Le Débat sur les langues fut un des premiers débats de la Chambre d'assemblée du Bas-Canada (aujourd'hui, le Québec), tenu le 21 janvier 1793. À cette occasion, il fut décidé de tenir le procès-verbal de la Chambre en francais et en anglais, sans préséance de la seconde langue (pourtant langue du pouvoir britannique) sur la première.
Dans le Salon bleu de l'Assemblée nationale du Québec, on peut admirer une toile représentant le débat peinte par Charles Huot et inaugurée en 1913.
Le débat sur les langues:
séance de l'Assemblée législative du Bas-Canada
le 21 janvier 1793
Dès la toute première séance de la première législature, le 17 décembre 1792, un débat s'engage sur la langue d'usage au parlement. Le français, l'anglais ou les deux? Les membres de l'Assemblée se disputent d'abord quant au choix de l'orateur ou président : la majorité canadienne-française propose un unilingue francophone ; la minorité anglophone lui oppose trois candidats , arguant la nécessité de parler parfaitement la « langue du souverain ». La majorité l'emporte.
Le débat se poursuit ensuite sur la langue d'usage comme telle. Les Canadiens français préconisent l'unilinguisme français; les anglophones, l'anglais. Après débat, la chambre tranche en faveur du double usage. Le gouverneur Dorchester entérine cette motion, pourvu que les lois soient adoptées en anglais. La question sera définitivement tranchée par décret royal, en septembre 1793, l'anglais est la seule langue officielle du Parlement, le français n'ayant que valeur de traduction.

|

|
La Chambre aujourd'hui
|
Charles Huot
peintre et professeur, Québec, vers 1925. Université d'Ottawa, CRCCF, Fonds Charles-Huot
|
Mise à jour
Il s’avère que le débat sur les langues continue jusqu'à nos jours, au sein même des juges siégeant à la Cour suprême du Canada, ainsi qu'en témoignent les deux dosiers Gilles Caron et Pierre Boutet (Appelants) contre Sa Majesté la Reine (Intimée) et le Procureur général du Canada et autres. En 2003, chacun des deux conducteurs albertains reçoit une contravention uniquement en anglais. Ils demandent un procès en français et contestent la validité des amendes parce qu'elles n'ont pas été émises dans les deux langues officielles du Canada. L'affaire se rend jusqu'en Cour suprême en 2015 et prend toute son ampleur quand l'argument au cœur de la défense risque d'invalider un
jugement de 1988 donnant droit à l'Alberta et à la Saskatchewan de se déclarer unilingues anglophones. Les deux hommes prétendent que la loi et le règlement sont inconstitutionnels parce qu’ils n’ont pas été édictés en français et ils font également valoir que la Loi linguistique de l’Alberta est inopérante dans la mesure où elle abroge ce qui constitue à leur avis une obligation constitutionnelle incombant à l’Alberta, à savoir celle d’édicter, d’imprimer et de publier ses lois et règlements en français et en anglais.

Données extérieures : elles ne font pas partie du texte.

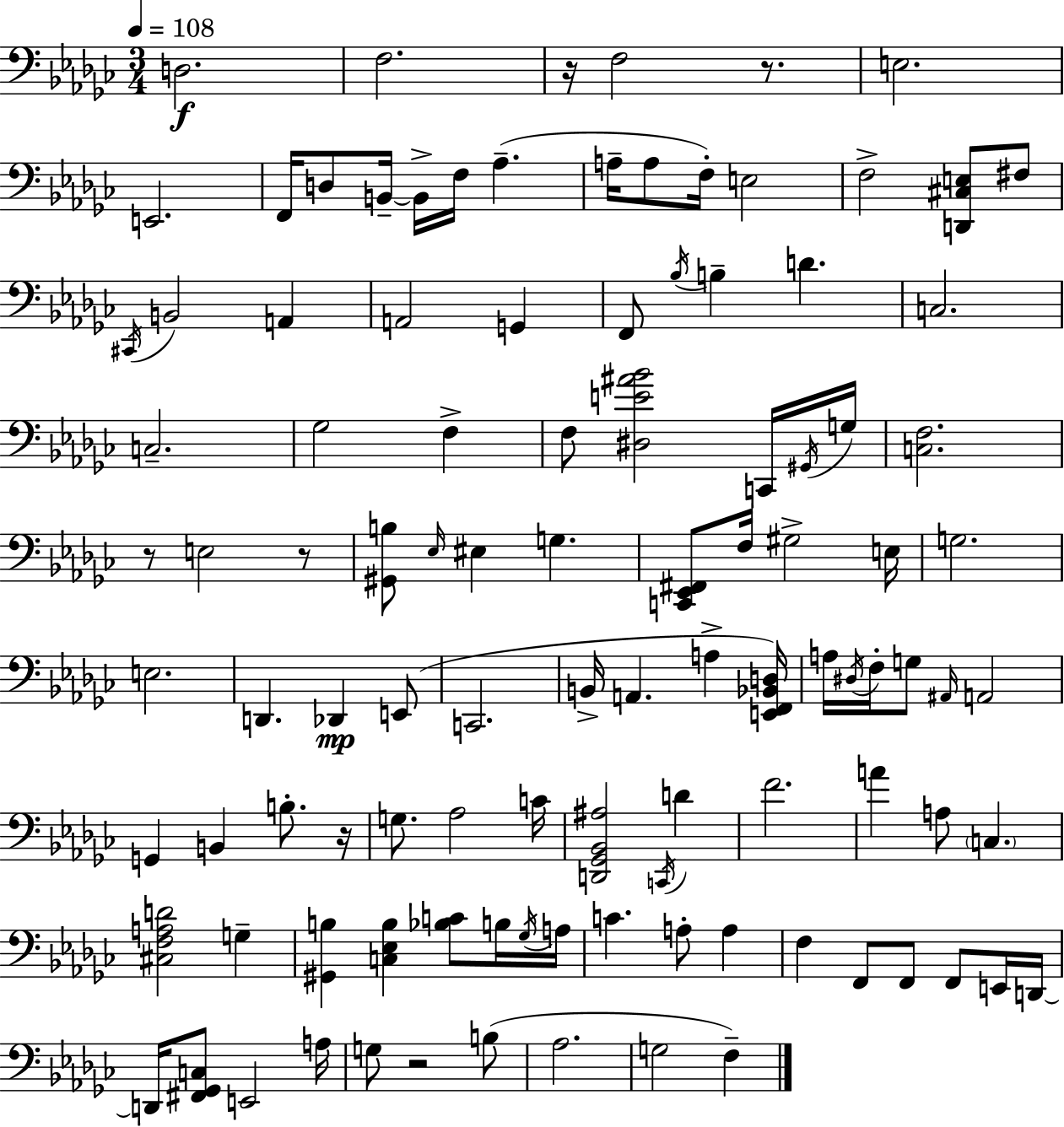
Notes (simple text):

Leur argument s’appuie sur la prémisse que la promesse faite par le Parlement en 1867 (l’«Adresse de 1867»), selon laquelle il respectera les « droits acquis de toute Corporation, Compagnie ou Individu » dans les territoires de l’Ouest, concerne le bilinguisme législatif et que cette promesse est devenue un droit constitutionnel de par l’annexion de l’Adresse de 1867 au Décret de 1870, qui est inscrit dans la Constitution du Canada.
Arrêt
Les pourvois sont rejetés par la majorité de juges. Selon eux, la Constitution n’oblige pas l’Alberta à édicter, à imprimer et à publier ses lois et règlements en français et en anglais. La thèse de C et de B ne respecte pas le texte, le contexte, ni l’objet des documents qu’ils invoquent et doit donc être rejetée. En l’absence d’une garantie constitutionnelle consacrée de bilinguisme législatif, les provinces ont le pouvoir de décider la langue ou les langues qu’elles utiliseront pour légiférer. Manifestement, une province peut choisir d’édicter ses lois et règlements en français et en anglais. Toutefois, on ne peut tout simplement pas inférer qu’une garantie de bilinguisme législatif existe et l’emporte sur cette compétence provinciale exclusive sans éléments de preuve textuels et contextuels clairs en ce sens.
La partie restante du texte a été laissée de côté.